# [What you have to do]
Write out all the entries word for word, but skip any images.

(Web page caption snippets)
-=-=-=-=-
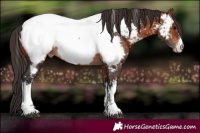 Horse Color:White Spotted Bay Appaloosa
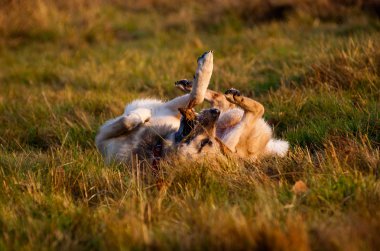 Dog playing with a stick clipart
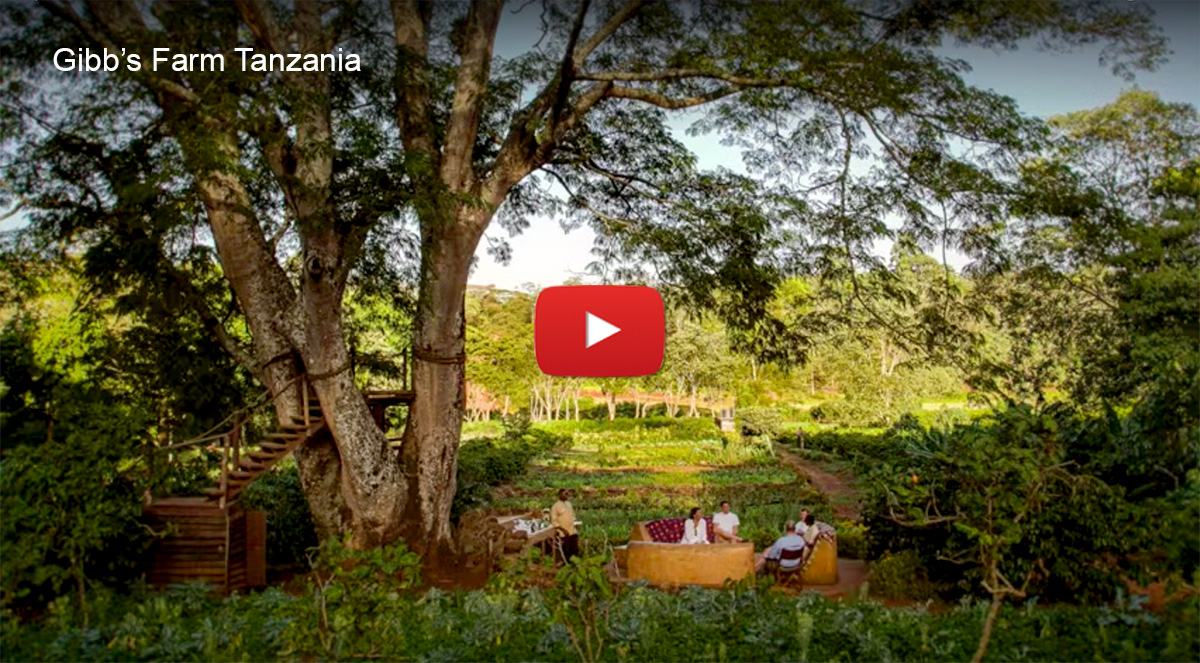 gibbs farm tanzania video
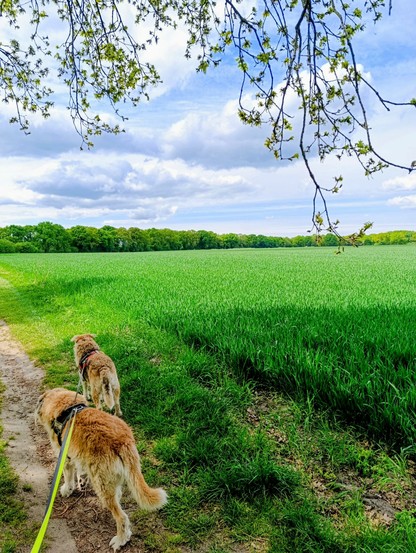Dogs in front of a presumably  barley field.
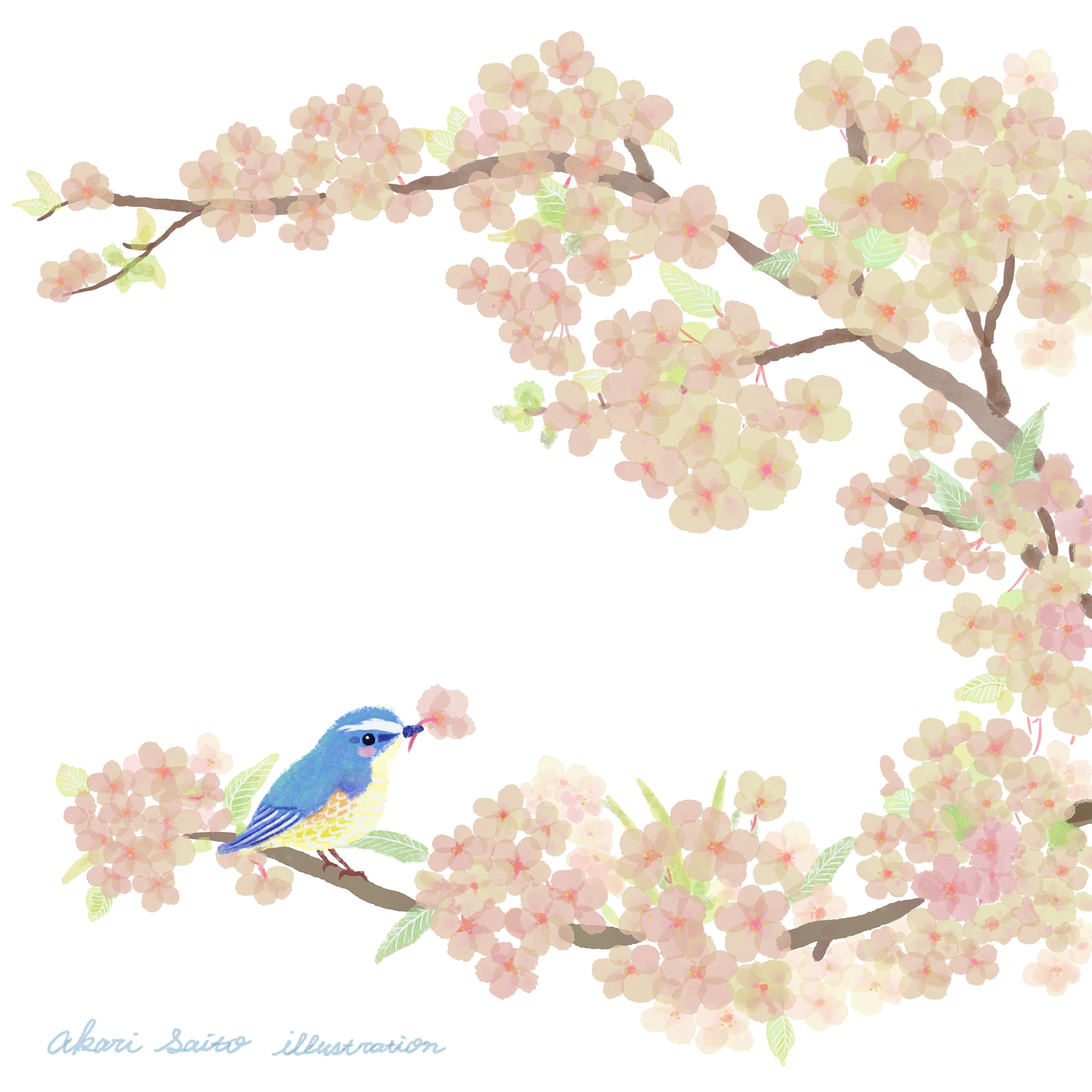 デジタル画／桜・小鳥-1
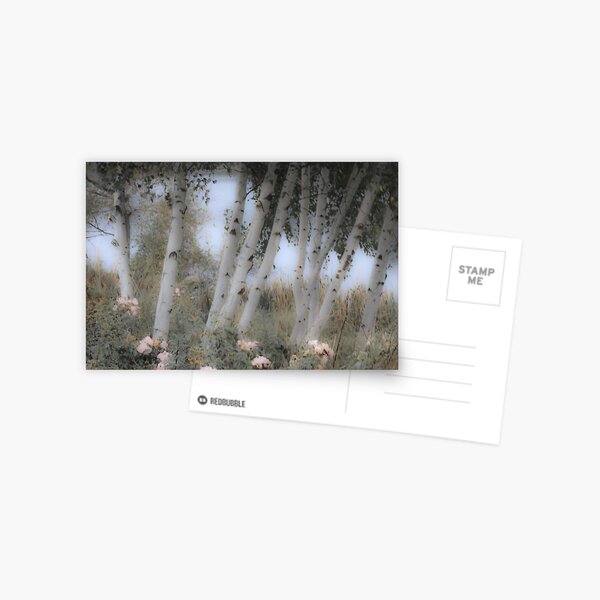 Rose and Birch Postcard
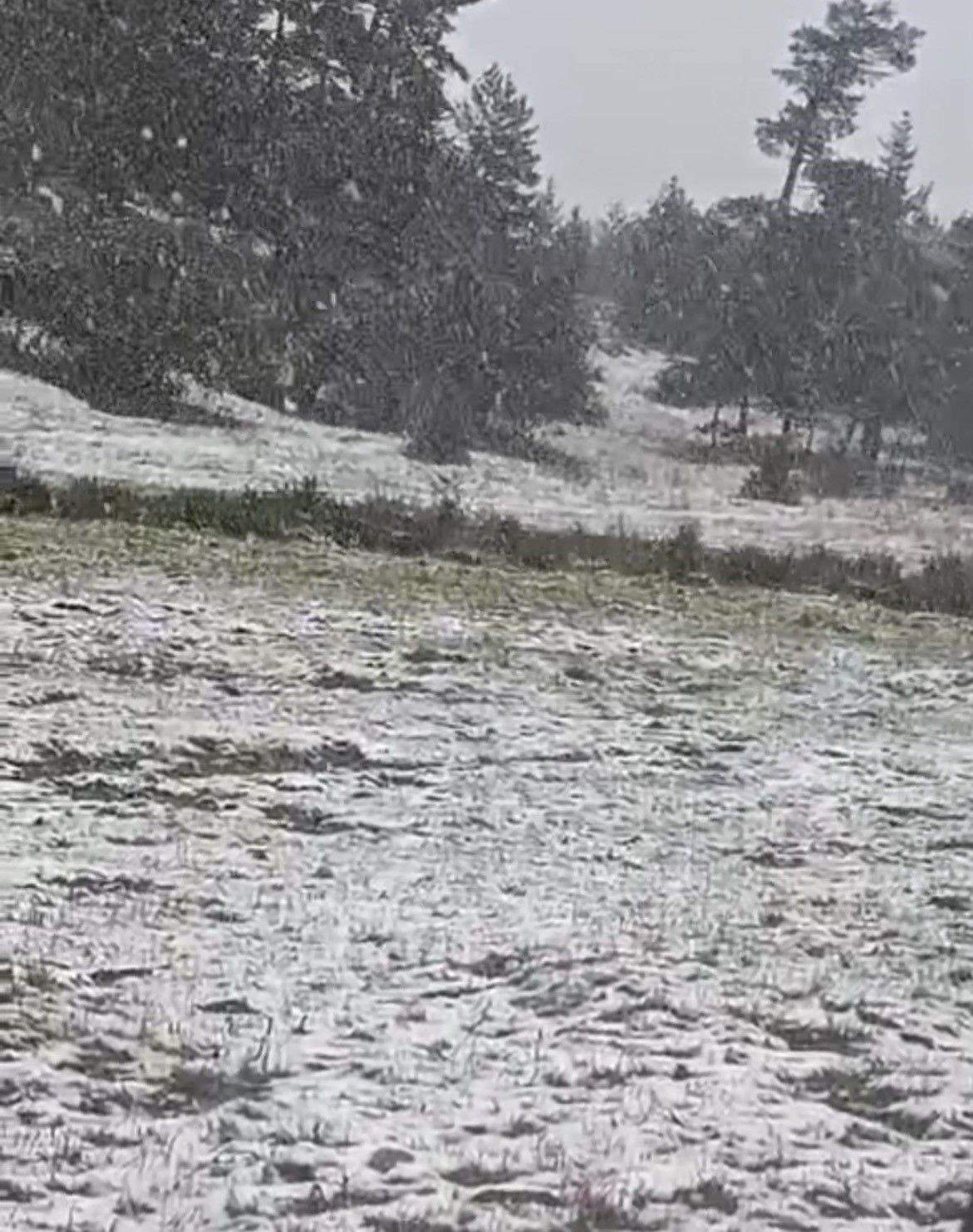 Eskişehir Alpu ilçesinde kar yağışı etkili oldu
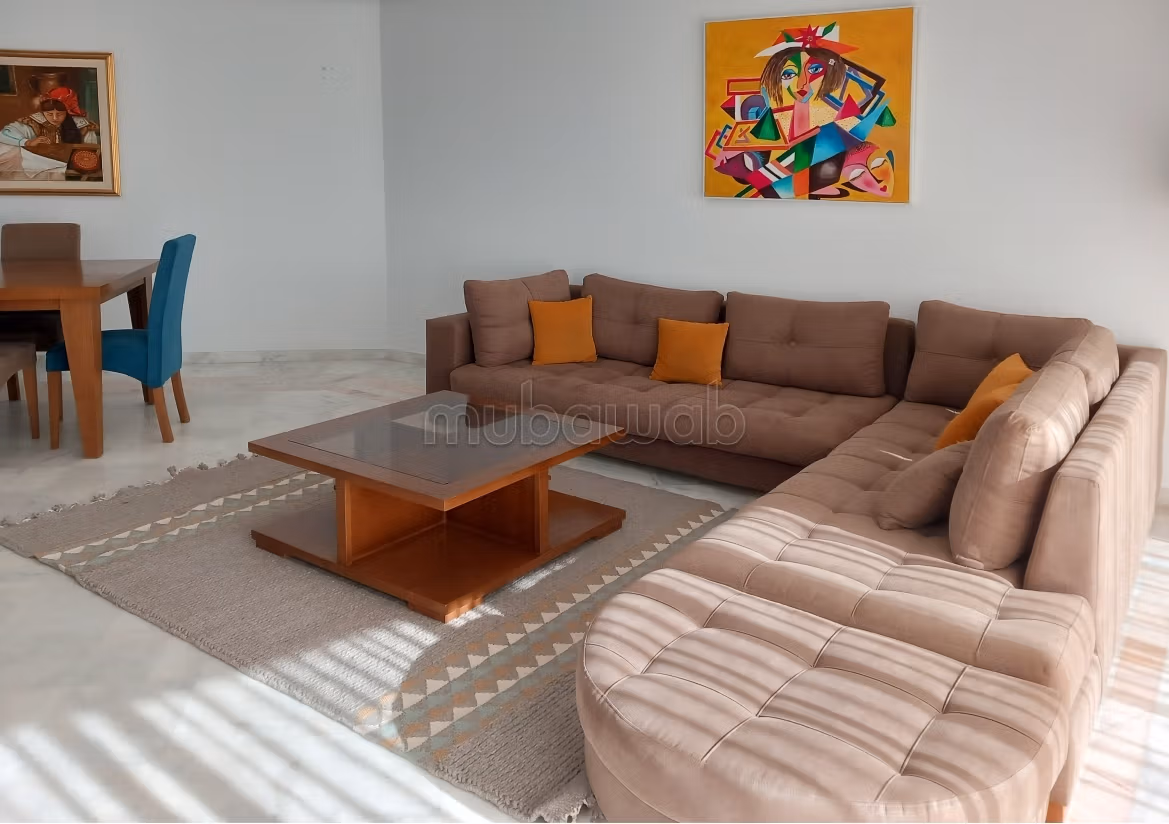 Spacious furnished apartment with lake view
-=-=-=-=-
# [Response box]
 Horse Color:White Spotted Bay Appaloosa
 Dog playing with a stick clipart
 gibbs farm tanzania video
Dogs in front of a presumably  barley field.
 デジタル画／桜・小鳥-1
 Rose and Birch Postcard
 Eskişehir Alpu ilçesinde kar yağışı etkili oldu
 Spacious furnished apartment with lake view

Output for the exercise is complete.